In my online Foundations of Spatial Thinking class, we’ve been discussing the relative merits of having students memorize places and locations. The 50 States, their capitals, countries around the world and their capital cities too. For me this type of “place name geography” is necessary but not sufficient. Yes, we should be expected to know these attributes of our own country, and (at least the general) global locations. We should begin to memorize them early, in elementary school, just the same way that by 3rd and 4th grade we are memorizing our multiplication tables, how to spell difficult words (handkerchief, neighborhood, independent, committee), and distinguishing among words commonly confused (their/there/they’re; its/it’s).

Mastering these basics are the building blocks for later “literacy” – in math, in writing, and in geographic thinking. The trick is that with our times tables and with spelling, we have countless opportunities to continue to practice and apply these basics, year after year. If we mistakenly calculate the product of 8×7, for example, we will reach the wrong solution in a math equation or hand somebody the wrong amount of change from a cash register, and we’ll be reminded of our error. When we misspell “disseminate” now, our computers will remind us by underlining the word with a squiggly red line.

But there are precious few opportunities to practice and apply the geographic knowledge that we manage to accrue during our early years. And if we never practice recalling and applying those “facts” again, they will, eventually, or even immediately, just slip from our mind, like all the other scraps of minutiae that our formal education presents us with. So isn’t it really part of a much bigger problem, really, that many later forget which one is Iraq and which one is Iran?

There are no “map” checkers built in to our computer programs.  Copy editors are paid to check for careless mistakes before written material goes to press, but there are no such skilled people employed by many media outlets. Mistakes are common (CNN and Fox both make fairly regular errors), and usually more amusing and inconvenient than damaging.  Of course it’s Apple’s maps that are the topic du jour.
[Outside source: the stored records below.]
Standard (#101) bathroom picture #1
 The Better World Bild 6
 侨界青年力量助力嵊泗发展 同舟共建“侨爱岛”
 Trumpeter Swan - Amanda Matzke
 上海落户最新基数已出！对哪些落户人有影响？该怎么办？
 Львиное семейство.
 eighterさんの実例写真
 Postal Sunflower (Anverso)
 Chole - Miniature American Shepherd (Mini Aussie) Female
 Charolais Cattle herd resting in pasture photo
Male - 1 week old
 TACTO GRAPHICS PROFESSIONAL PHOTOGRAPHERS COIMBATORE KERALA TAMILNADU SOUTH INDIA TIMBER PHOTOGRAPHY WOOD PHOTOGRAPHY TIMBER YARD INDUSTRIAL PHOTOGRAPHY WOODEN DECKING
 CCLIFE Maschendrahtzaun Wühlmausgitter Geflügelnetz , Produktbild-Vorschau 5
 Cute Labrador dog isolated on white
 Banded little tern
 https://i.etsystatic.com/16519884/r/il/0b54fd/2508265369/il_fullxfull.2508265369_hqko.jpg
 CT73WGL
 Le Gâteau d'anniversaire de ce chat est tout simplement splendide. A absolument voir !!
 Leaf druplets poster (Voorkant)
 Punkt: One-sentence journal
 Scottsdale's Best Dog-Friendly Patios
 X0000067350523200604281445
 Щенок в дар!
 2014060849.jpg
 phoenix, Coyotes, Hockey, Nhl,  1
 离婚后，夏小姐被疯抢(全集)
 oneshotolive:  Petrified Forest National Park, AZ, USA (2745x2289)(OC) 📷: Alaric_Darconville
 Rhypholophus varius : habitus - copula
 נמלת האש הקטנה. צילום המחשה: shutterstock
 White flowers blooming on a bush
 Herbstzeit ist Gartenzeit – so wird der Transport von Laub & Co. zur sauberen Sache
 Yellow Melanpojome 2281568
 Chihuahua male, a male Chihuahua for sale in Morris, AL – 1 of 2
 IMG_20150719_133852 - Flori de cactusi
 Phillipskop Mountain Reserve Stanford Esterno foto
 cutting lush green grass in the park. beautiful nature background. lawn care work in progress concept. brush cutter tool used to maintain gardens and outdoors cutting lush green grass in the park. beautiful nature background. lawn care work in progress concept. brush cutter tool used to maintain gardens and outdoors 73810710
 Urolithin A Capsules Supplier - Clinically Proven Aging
So, memorization is necessary but not sufficient. Our geography education should not neglect this process, but it should also and then expect teachers, and students, to master this step and move beyond it to the applied knowledge part. Asking, understanding, and answering questions about our human and environmental interactions, without having to spend precious hours returning to the basics.

One more note on memorizing our States. Peter Gould and Rodney White, in their studies of our mental maps, found that some States are more difficult to learn than others. Shown below are the ones more likely to be confused, at least by college students in Pennsylvania in the early 1970s. Maybe these are the ones for which we just need to practice more. Just like to, two, and too.

an idea worth supporting: an innovative, well-designed, and community-sourced Food Atlas

New to me: the current project being undertaken by “guerrilla cartographers” to create a food atlas. I love the premise, I love the process, and I know I’ll like the product. Go mappers!